BEGIN Given data

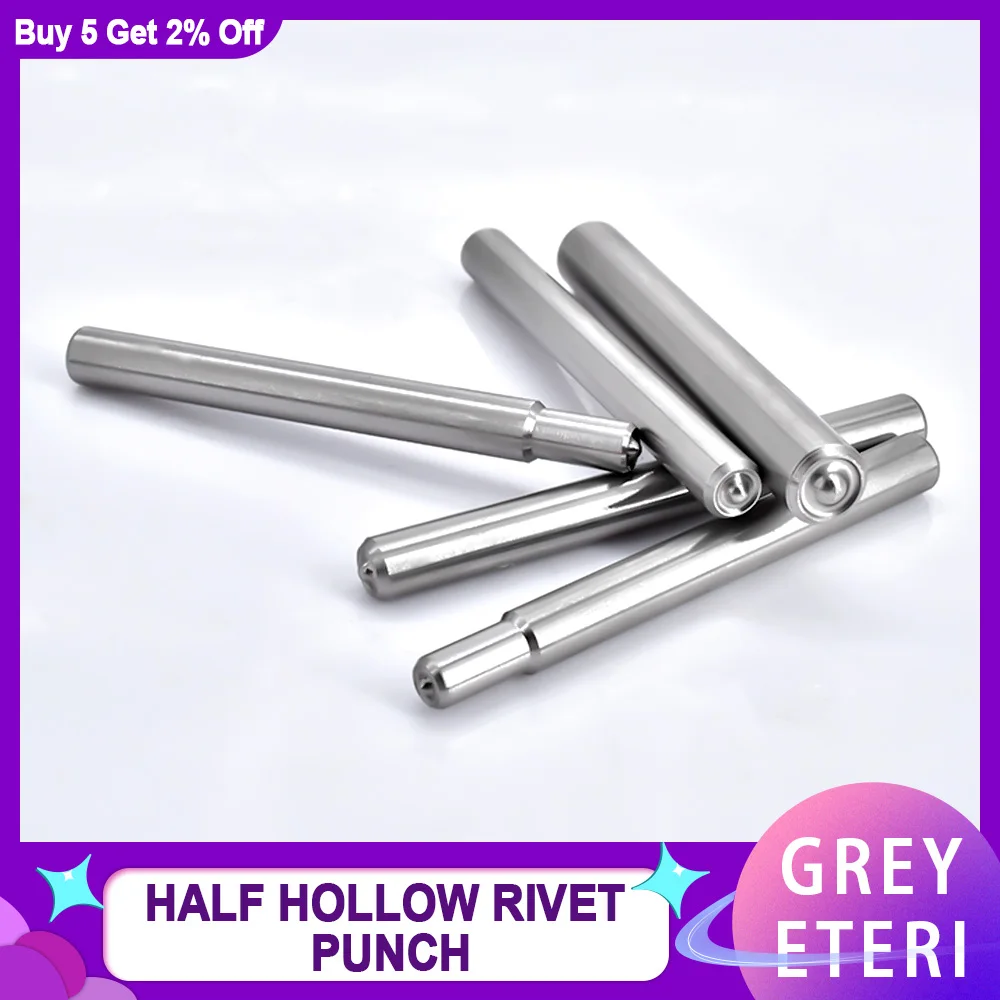 เครื่องตอกหมุดครึ่งกลวงหมุดมือกดเคาะการจับจีบเครื่องมือมือเครื่องตอกหมุด M2.5 M2 M3 M4 M5 M6 M10 M8 1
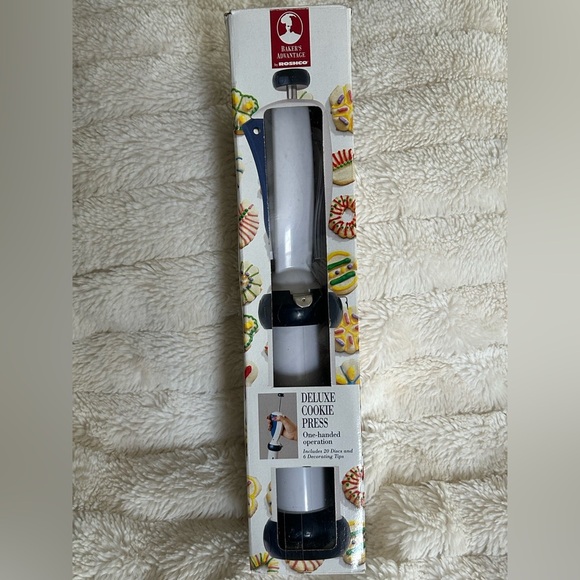 Deluxe Cookie Press - White - Picture 1 of 6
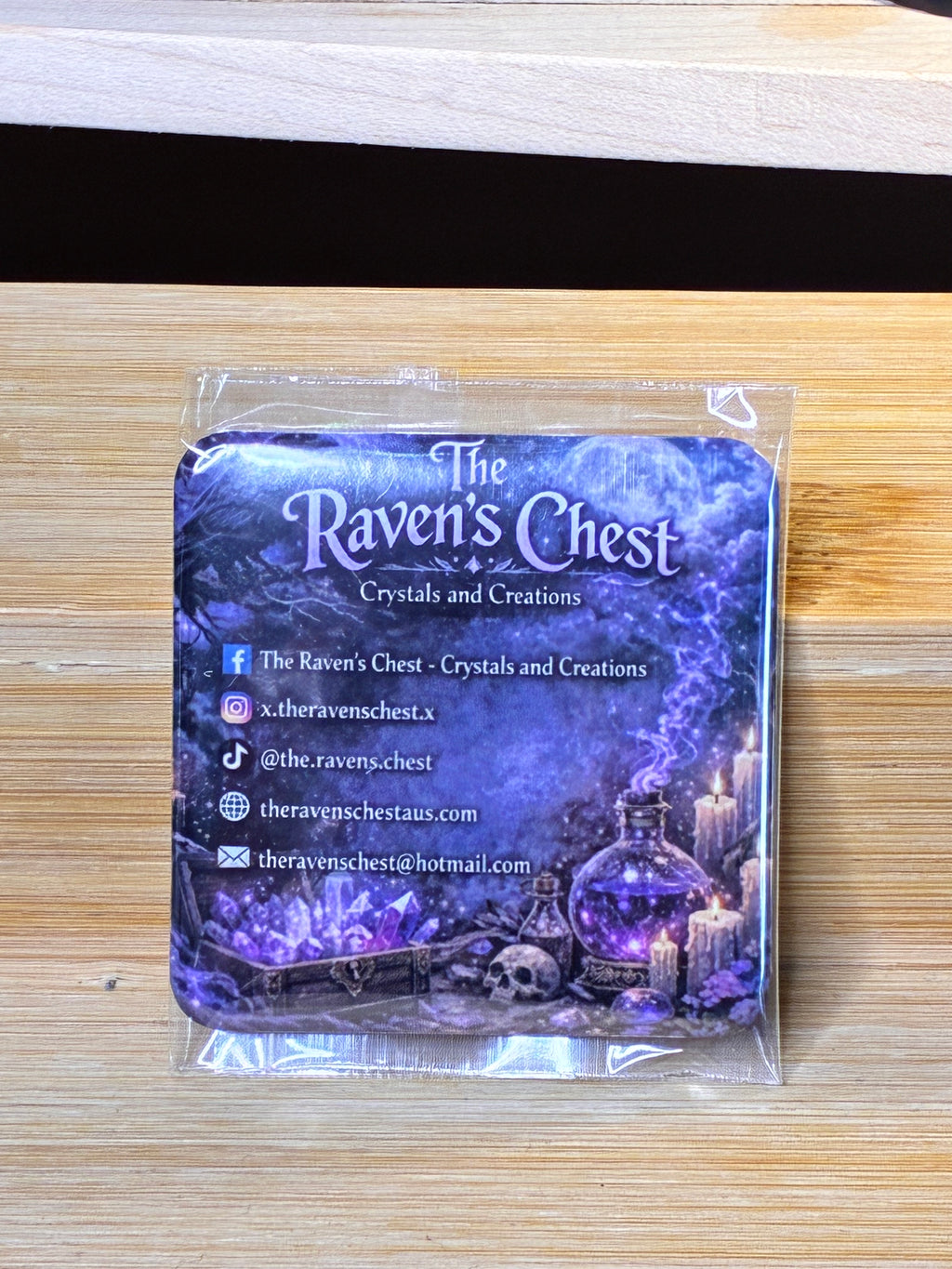 The Raven’s Chest Socials Magnet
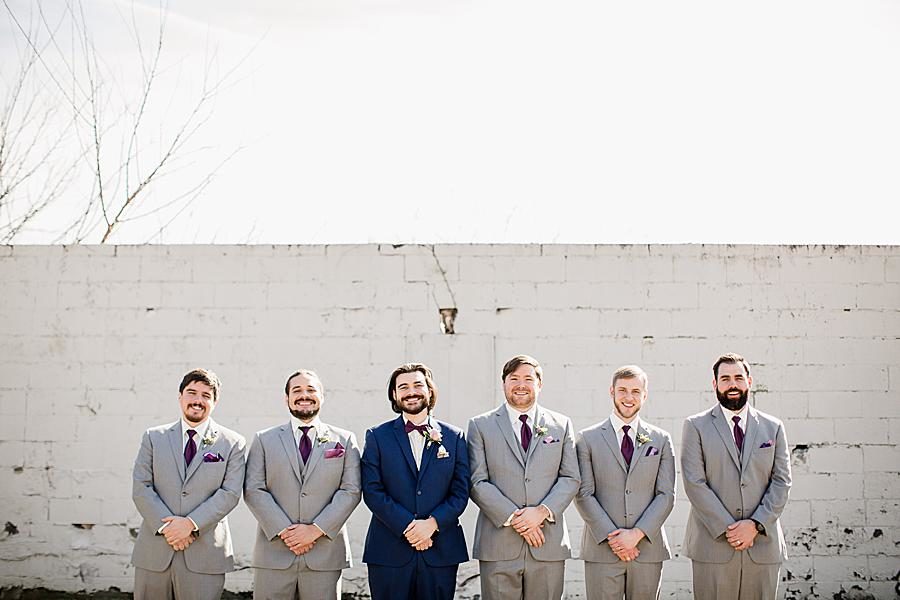 Groomsmen at this Relix Theater Wedding by Knoxville Wedding Photographer, Amanda May Photos.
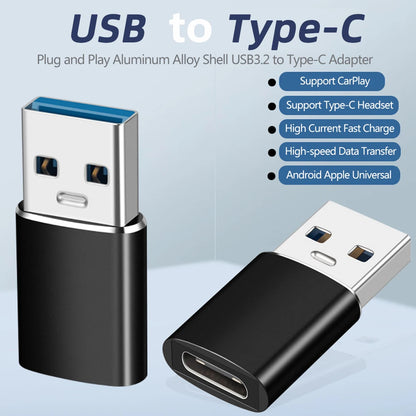Ultra Fast 10Gbps Type C female to USB 3.2 Male OTG Adapter Converter Hridz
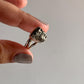 Boho Pyrite Raw Silver Ring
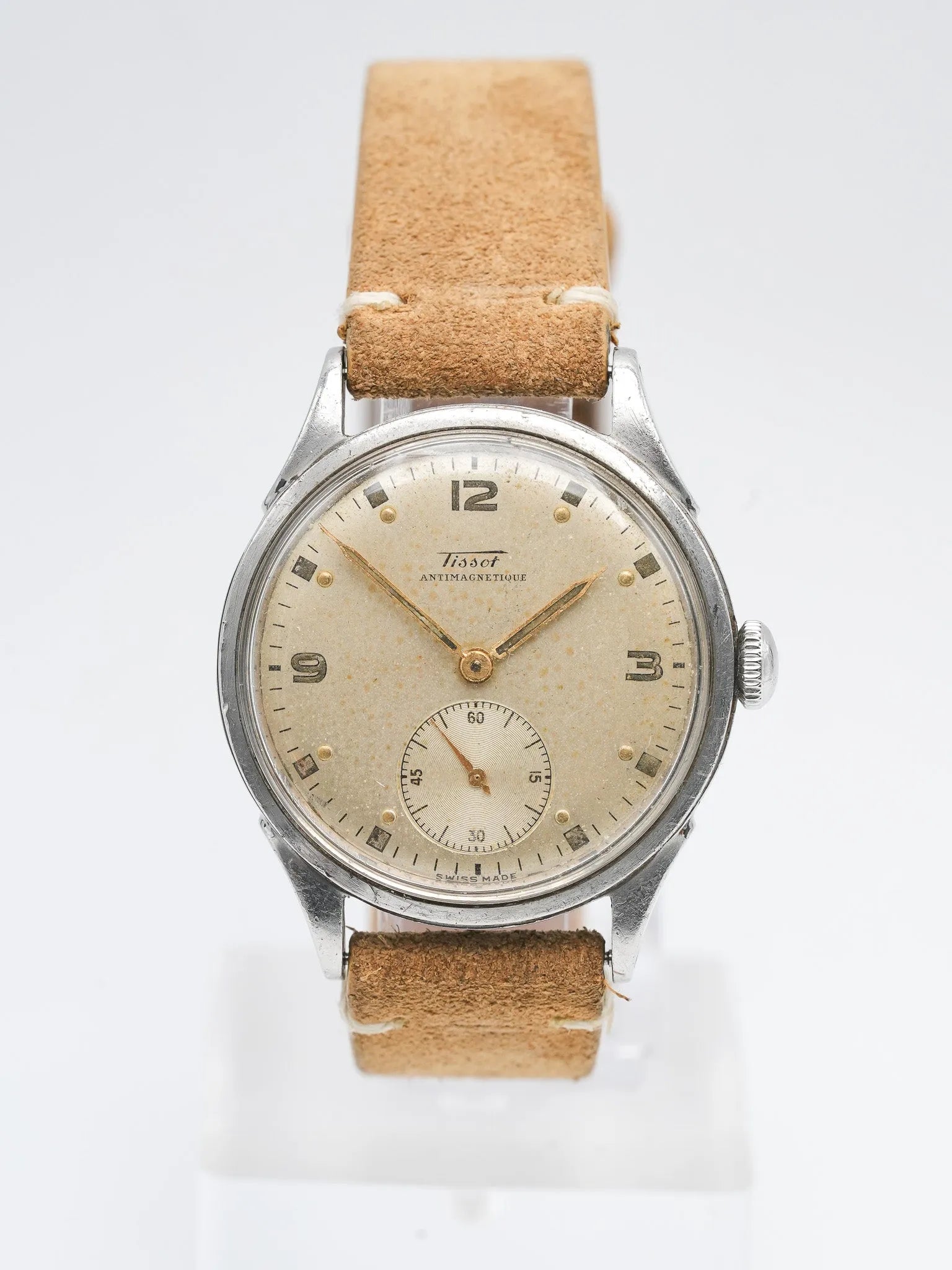Tissot - Antimagnétique Acier Patine Crème Petite-seconde - 1950s - Atelier Victor Paris - Vintage Watch Shop Dubai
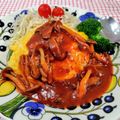 在宅勤務のおじさん's cooksnap of when they made ふわとろオムライス♡~きのこデミソース~.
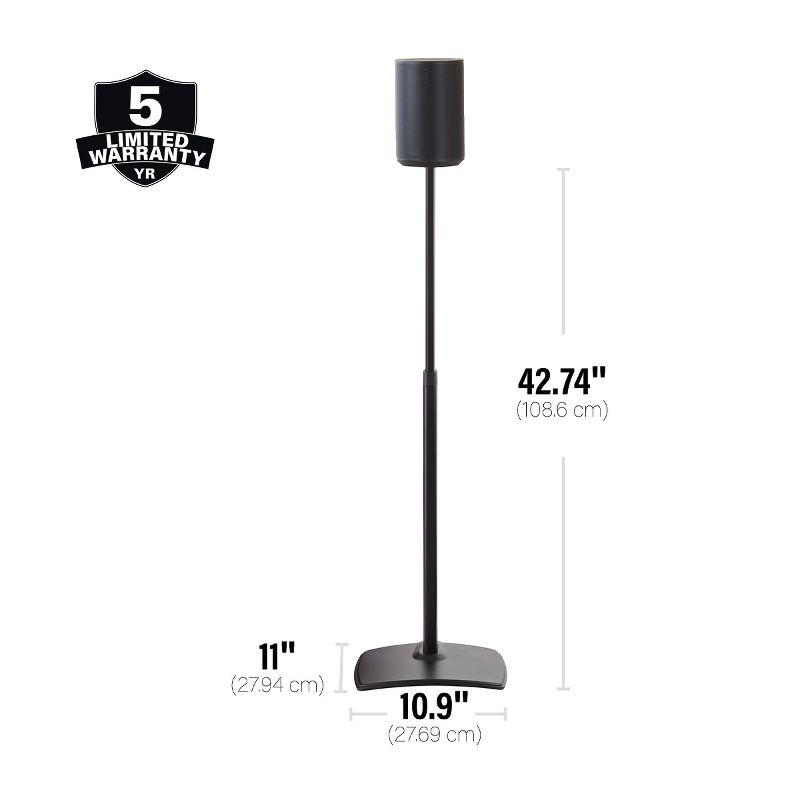 Sanus Height-Adjustable Speaker Stands for Sonos Era 100 - Pair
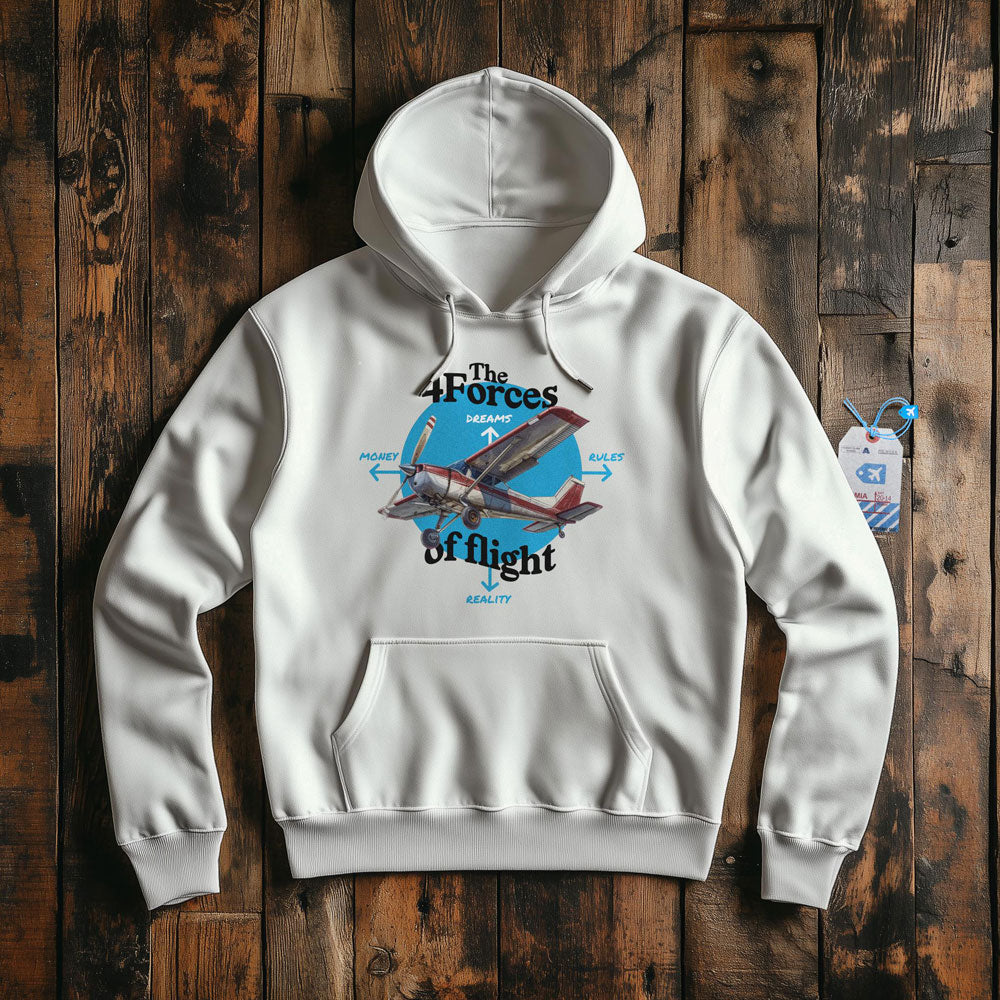 The Four Forces Of Flight - Pullover Hoodie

END Given data

### Problem to solve
Write out each line again, exactly as it appears above, except for any picture.

### Completed task
 เครื่องตอกหมุดครึ่งกลวงหมุดมือกดเคาะการจับจีบเครื่องมือมือเครื่องตอกหมุด M2.5 M2 M3 M4 M5 M6 M10 M8 1
 Deluxe Cookie Press - White - Picture 1 of 6
 The Raven’s Chest Socials Magnet
 Groomsmen at this Relix Theater Wedding by Knoxville Wedding Photographer, Amanda May Photos.
Ultra Fast 10Gbps Type C female to USB 3.2 Male OTG Adapter Converter Hridz
 Boho Pyrite Raw Silver Ring
Tissot - Antimagnétique Acier Patine Crème Petite-seconde - 1950s - Atelier Victor Paris - Vintage Watch Shop Dubai
 在宅勤務のおじさん's cooksnap of when they made ふわとろオムライス♡~きのこデミソース~.
 Sanus Height-Adjustable Speaker Stands for Sonos Era 100 - Pair
 The Four Forces Of Flight - Pullover Hoodie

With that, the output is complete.